**About this exercise:** Everything from the line containing "Rolla’s Original Straight" through the last line of the listing below should be returned exactly, except for pictures.

**Given data:**
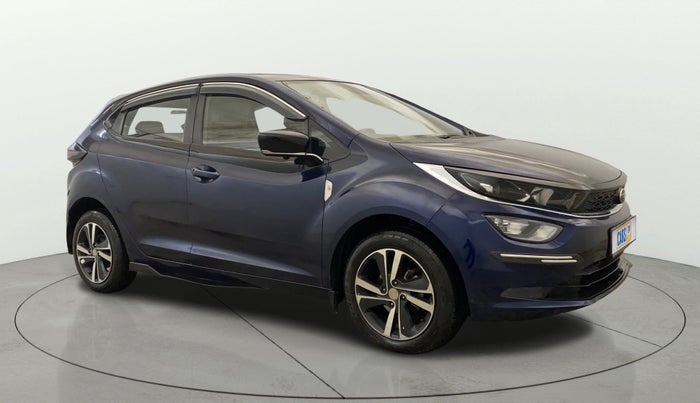 2024 Tata ALTROZ XZ PLUS SUNROOF CNG, CNG, Manual, 35,997 km, Right Front Diagonal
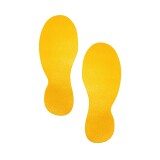 Adhésif orientation - Empreintes de pas - 90x240 mm - Lot de 10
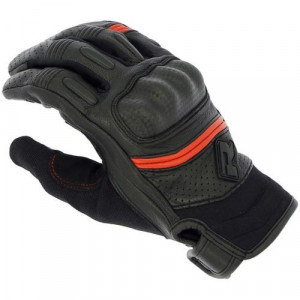 Manusi moto de dama Richa Protect Summer 2 - rosu/negru - Img 2
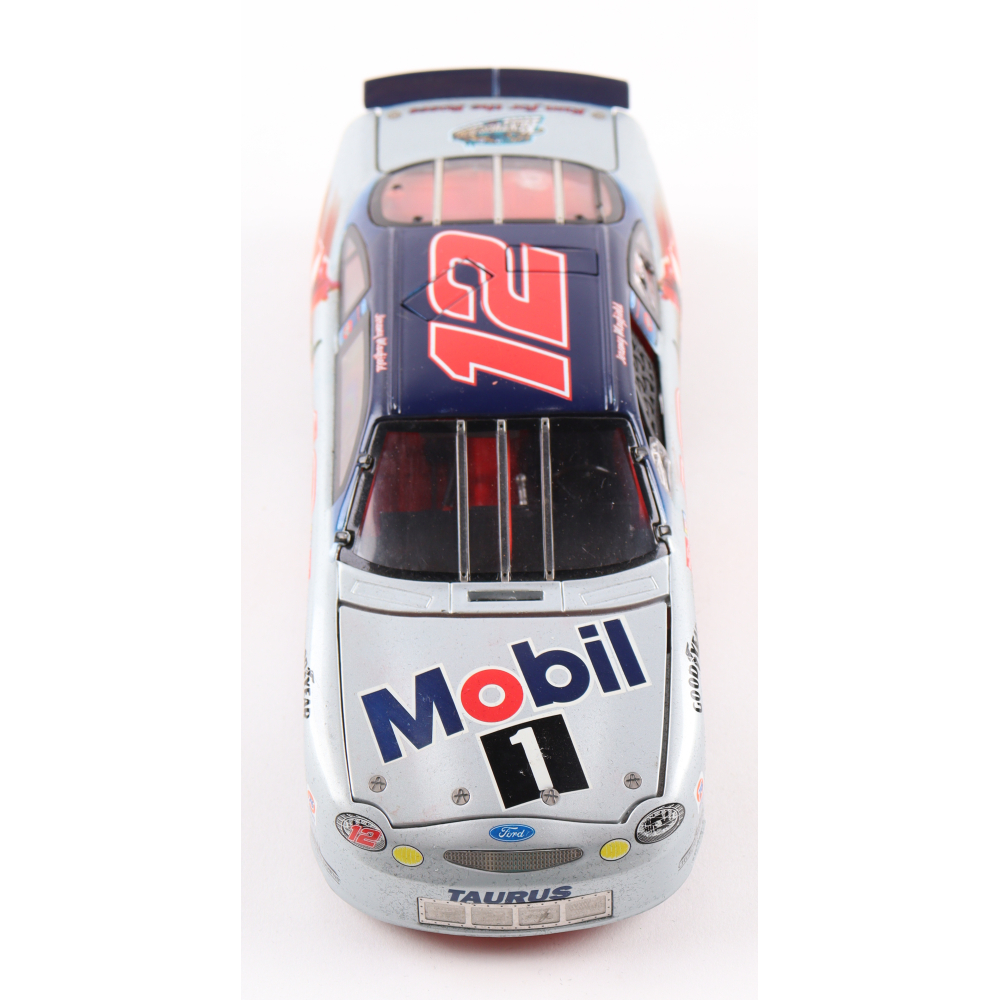 Jeremy Mayfield 1999 LE NASCAR #2 Mobil 1 Kentucky Derby 125th Anniversary Taurus Elite 1:24 Die-Cast Car at PristineAuction.com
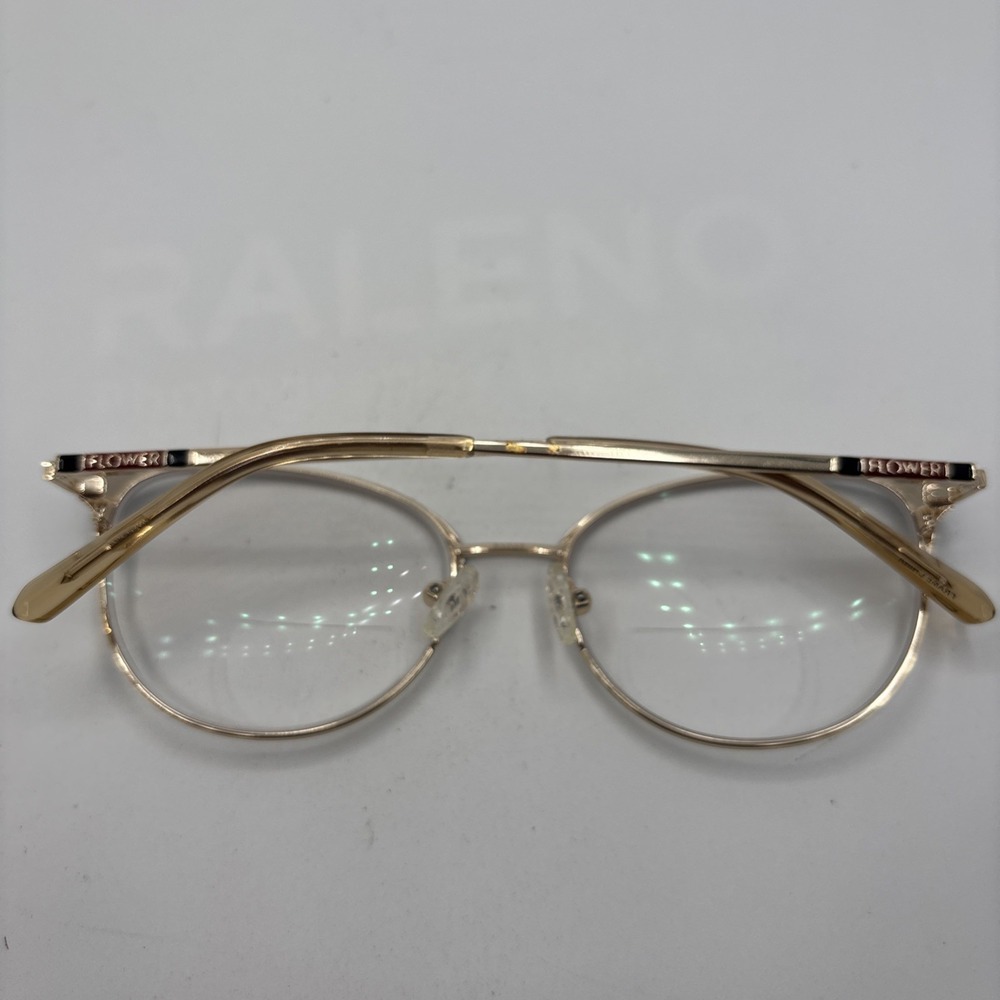 FLOWER Sweet Pea 6050 001 Eyeglasses Frames Full Rim Women 53-17-140mm #227 - Picture 8 of 8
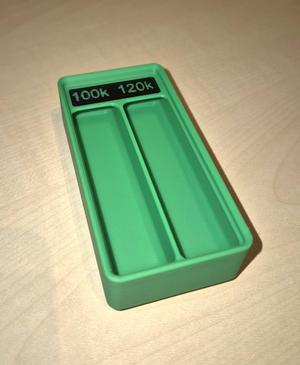 Gridfinity Resistor Bins E12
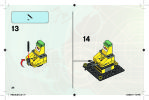 Instrucciones de Construcción - LEGO - 9486 - Oil Rig Escape: Page 24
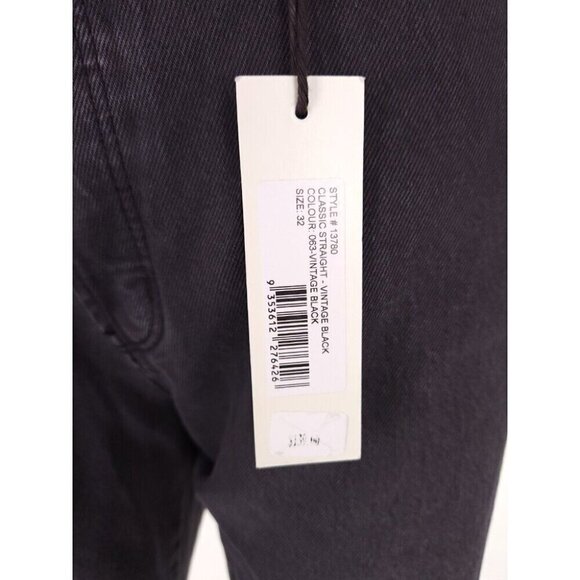 Rolla’s Original Straight High Rise Jeans Size 32 Sunbleach 90's Style NWT - Picture 9 of 13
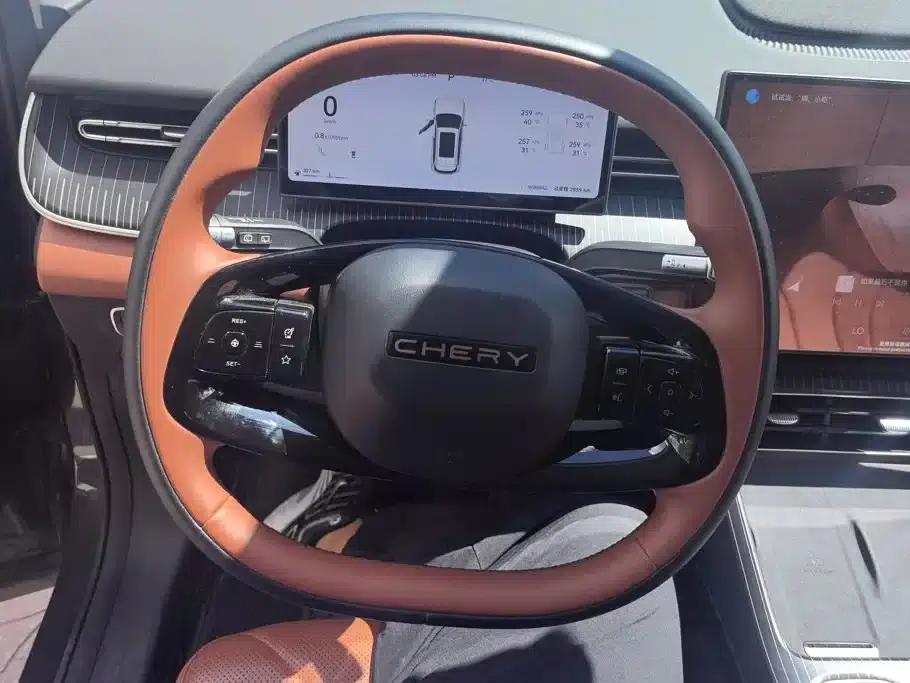 Chery Tiggo 8 2026 Model, Fifth Generation, Tiger Edition, Kunpeng 1.6T Automatic Premium — миниатюра 15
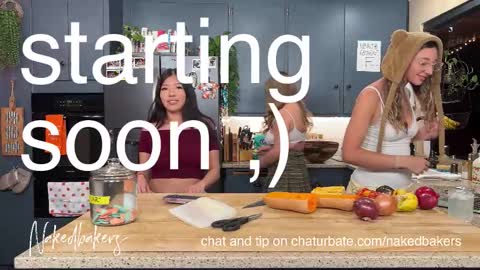 Naked Bakers online show from November 2025 02:55:02 AM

**Exercise answer:**
 Rolla’s Original Straight High Rise Jeans Size 32 Sunbleach 90's Style NWT - Picture 9 of 13
 Chery Tiggo 8 2026 Model, Fifth Generation, Tiger Edition, Kunpeng 1.6T Automatic Premium — миниатюра 15
 Naked Bakers online show from November 2025 02:55:02 AM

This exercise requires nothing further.